» **Exercise details**
In the records below, the line with "Toeristische Egypte reizen" opens the range and the line with "Cilantro Jalapeno Sauce" closes it; print that range exactly and nothing else.

» **Data extract**
⁂

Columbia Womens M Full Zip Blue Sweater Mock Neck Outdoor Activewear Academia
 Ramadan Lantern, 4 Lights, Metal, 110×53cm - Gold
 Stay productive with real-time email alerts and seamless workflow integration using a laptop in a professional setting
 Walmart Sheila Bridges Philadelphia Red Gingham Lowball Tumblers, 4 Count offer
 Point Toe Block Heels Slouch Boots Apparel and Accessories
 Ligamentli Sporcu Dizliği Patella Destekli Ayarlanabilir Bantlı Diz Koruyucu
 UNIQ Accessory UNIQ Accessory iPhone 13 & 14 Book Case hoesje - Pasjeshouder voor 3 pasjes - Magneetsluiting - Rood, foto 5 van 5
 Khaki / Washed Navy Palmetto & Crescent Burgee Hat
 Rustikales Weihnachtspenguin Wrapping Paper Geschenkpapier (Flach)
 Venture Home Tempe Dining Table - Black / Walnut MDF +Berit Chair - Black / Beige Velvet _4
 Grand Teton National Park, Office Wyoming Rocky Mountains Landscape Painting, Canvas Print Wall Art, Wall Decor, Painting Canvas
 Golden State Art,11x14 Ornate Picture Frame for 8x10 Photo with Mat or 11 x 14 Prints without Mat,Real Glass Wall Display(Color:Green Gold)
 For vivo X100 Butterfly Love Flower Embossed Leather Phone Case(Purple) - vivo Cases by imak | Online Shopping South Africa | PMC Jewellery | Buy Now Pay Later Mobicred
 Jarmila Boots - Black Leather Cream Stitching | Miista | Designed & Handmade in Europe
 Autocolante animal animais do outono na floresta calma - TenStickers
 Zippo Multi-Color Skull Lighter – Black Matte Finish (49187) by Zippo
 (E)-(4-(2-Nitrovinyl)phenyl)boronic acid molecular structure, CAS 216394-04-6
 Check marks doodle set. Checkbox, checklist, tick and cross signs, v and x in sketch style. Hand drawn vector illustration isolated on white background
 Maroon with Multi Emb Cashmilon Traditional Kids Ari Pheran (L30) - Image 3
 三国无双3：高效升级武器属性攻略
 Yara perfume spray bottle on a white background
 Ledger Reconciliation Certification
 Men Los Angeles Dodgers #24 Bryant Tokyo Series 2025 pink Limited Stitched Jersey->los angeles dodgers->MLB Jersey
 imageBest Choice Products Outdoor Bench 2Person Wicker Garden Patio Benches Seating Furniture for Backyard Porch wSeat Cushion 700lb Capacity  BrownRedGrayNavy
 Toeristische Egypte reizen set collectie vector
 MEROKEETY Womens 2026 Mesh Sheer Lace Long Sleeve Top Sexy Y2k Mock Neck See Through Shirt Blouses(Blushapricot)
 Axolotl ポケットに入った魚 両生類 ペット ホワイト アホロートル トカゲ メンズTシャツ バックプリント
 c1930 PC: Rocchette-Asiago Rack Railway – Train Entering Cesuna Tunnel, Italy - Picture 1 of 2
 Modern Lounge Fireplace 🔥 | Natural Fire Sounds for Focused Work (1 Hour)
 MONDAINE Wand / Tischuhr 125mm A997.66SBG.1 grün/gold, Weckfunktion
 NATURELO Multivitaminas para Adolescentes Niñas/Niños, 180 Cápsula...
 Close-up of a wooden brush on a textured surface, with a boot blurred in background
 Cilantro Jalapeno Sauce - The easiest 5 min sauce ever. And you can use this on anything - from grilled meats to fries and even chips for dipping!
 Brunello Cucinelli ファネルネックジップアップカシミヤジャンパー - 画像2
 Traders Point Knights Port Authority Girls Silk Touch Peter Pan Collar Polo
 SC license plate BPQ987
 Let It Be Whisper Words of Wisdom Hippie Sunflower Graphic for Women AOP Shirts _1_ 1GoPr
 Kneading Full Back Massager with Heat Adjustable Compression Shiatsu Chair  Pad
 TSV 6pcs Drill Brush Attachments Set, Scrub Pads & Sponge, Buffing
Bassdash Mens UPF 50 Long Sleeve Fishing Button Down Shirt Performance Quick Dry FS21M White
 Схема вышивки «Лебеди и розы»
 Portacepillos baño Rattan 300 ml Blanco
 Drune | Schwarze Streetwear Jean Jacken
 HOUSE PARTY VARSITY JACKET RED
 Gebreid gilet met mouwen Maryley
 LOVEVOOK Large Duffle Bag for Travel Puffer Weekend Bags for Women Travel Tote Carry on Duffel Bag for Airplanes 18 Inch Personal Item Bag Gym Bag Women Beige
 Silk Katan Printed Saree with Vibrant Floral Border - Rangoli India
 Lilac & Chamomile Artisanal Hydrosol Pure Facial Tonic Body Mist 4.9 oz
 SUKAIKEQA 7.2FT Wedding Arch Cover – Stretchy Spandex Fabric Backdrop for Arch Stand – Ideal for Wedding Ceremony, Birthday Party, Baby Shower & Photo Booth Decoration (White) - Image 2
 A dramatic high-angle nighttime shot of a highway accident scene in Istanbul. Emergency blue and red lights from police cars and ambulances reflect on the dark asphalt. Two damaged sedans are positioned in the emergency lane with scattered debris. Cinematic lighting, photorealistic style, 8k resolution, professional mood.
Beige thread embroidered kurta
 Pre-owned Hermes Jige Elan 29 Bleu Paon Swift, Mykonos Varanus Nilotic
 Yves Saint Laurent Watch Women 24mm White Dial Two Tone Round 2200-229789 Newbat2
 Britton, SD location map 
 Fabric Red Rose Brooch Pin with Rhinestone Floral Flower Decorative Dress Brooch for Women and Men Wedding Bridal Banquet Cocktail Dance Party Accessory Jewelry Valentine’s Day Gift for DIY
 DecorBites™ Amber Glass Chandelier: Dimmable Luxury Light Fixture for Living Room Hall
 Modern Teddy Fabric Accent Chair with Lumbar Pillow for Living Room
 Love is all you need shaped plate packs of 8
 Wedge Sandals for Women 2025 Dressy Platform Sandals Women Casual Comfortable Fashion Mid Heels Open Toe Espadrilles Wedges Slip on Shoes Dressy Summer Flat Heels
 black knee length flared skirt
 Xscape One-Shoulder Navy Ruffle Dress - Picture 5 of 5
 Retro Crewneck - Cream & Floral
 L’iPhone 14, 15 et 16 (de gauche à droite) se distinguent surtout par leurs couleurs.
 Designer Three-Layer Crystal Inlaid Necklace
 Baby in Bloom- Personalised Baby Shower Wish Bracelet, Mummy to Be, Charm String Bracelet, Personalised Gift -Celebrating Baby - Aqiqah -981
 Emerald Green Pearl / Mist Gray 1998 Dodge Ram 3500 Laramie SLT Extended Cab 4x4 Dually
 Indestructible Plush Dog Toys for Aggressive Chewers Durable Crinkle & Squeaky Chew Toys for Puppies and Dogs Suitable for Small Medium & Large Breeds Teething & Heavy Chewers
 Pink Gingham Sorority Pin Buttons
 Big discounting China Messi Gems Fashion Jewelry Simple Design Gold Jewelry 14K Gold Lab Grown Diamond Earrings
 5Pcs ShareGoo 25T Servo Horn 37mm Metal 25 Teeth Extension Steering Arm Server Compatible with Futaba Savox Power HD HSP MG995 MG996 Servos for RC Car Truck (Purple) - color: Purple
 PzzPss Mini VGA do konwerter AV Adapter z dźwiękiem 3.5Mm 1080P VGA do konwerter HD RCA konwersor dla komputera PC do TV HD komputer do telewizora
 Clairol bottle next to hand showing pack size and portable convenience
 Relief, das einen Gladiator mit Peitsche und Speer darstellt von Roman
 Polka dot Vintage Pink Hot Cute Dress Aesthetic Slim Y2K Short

⁂

» **Your solution**
 Toeristische Egypte reizen set collectie vector
 MEROKEETY Womens 2026 Mesh Sheer Lace Long Sleeve Top Sexy Y2k Mock Neck See Through Shirt Blouses(Blushapricot)
 Axolotl ポケットに入った魚 両生類 ペット ホワイト アホロートル トカゲ メンズTシャツ バックプリント
 c1930 PC: Rocchette-Asiago Rack Railway – Train Entering Cesuna Tunnel, Italy - Picture 1 of 2
 Modern Lounge Fireplace 🔥 | Natural Fire Sounds for Focused Work (1 Hour)
 MONDAINE Wand / Tischuhr 125mm A997.66SBG.1 grün/gold, Weckfunktion
 NATURELO Multivitaminas para Adolescentes Niñas/Niños, 180 Cápsula...
 Close-up of a wooden brush on a textured surface, with a boot blurred in background
 Cilantro Jalapeno Sauce - The easiest 5 min sauce ever. And you can use this on anything - from grilled meats to fries and even chips for dipping!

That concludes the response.